Laura Bliss is a staff writer at CityLab, covering transportation, infrastructure, and the environment. She also authors MapLab, a biweekly newsletter about maps that reveal and shape urban spaces (subscribe here). Her work has appeared in the New York Times, The Atlantic, Los Angeles, GOOD, L.A. Review of Books, and beyond.
Education, good nutrition, and health care can attenuate some effects of the water crisis.

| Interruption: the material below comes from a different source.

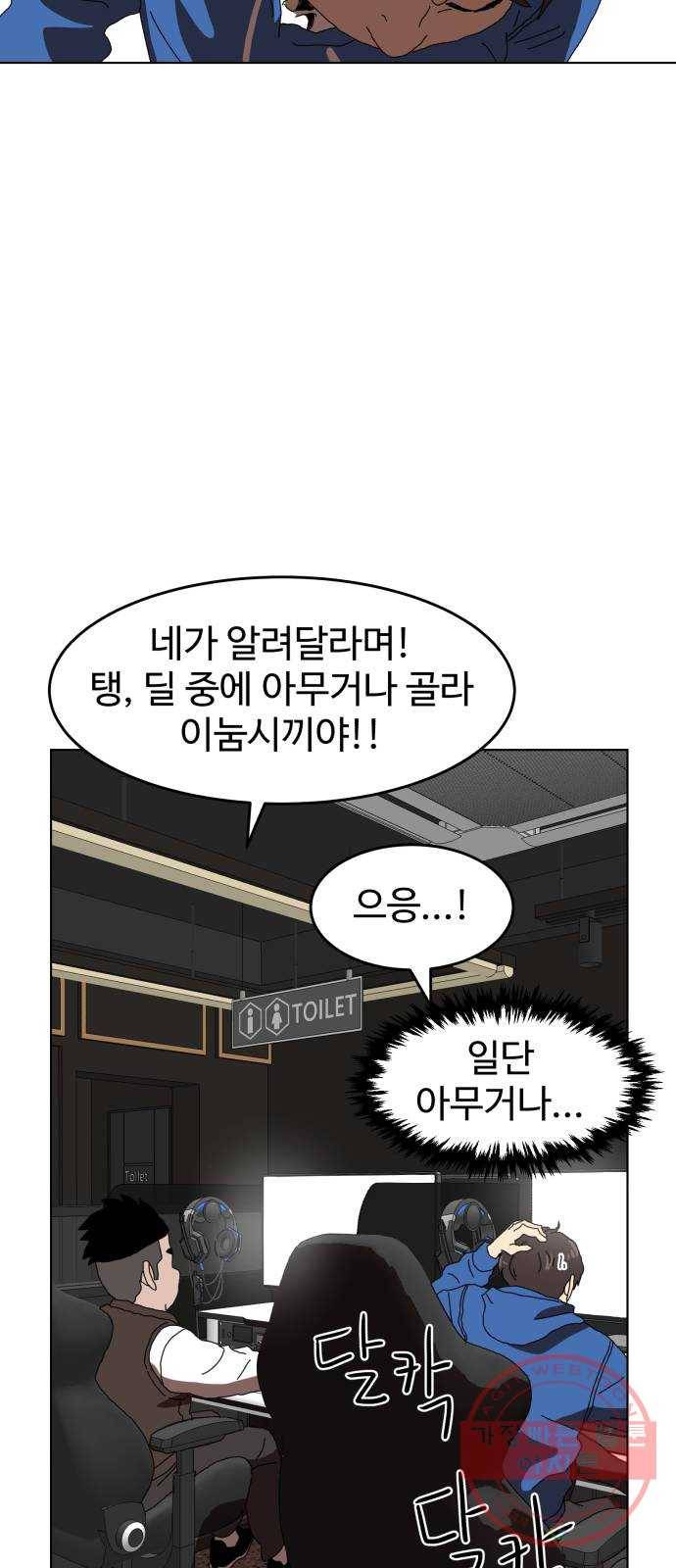 더블클릭 2화 68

Loui Brezzel’s young son has autism, and she says his learning disabilities have gotten worse over the last six months. One of Leeanne Walters’ 5-year-old twins was recently diagnosed with ADHD. Melissa Mays says her 17-year-old son, a straight-A student, has been lately complaining of brain fog and memory loss.
These are just a few of the parents I’ve spoken with who’ve lived through the water crisis in Flint, watching their kids develop mental issues that weren’t there before the city switched its water supply to the corrosive Flint River in 2014. The percentage of children with elevated blood lead levels—at or higher than five mcg/dL—doubled from 2.4 to 4.9 percent between 2013 and 2015, according to research by Mona Hanna-Attisha at Flint’s Hurley Medical Center.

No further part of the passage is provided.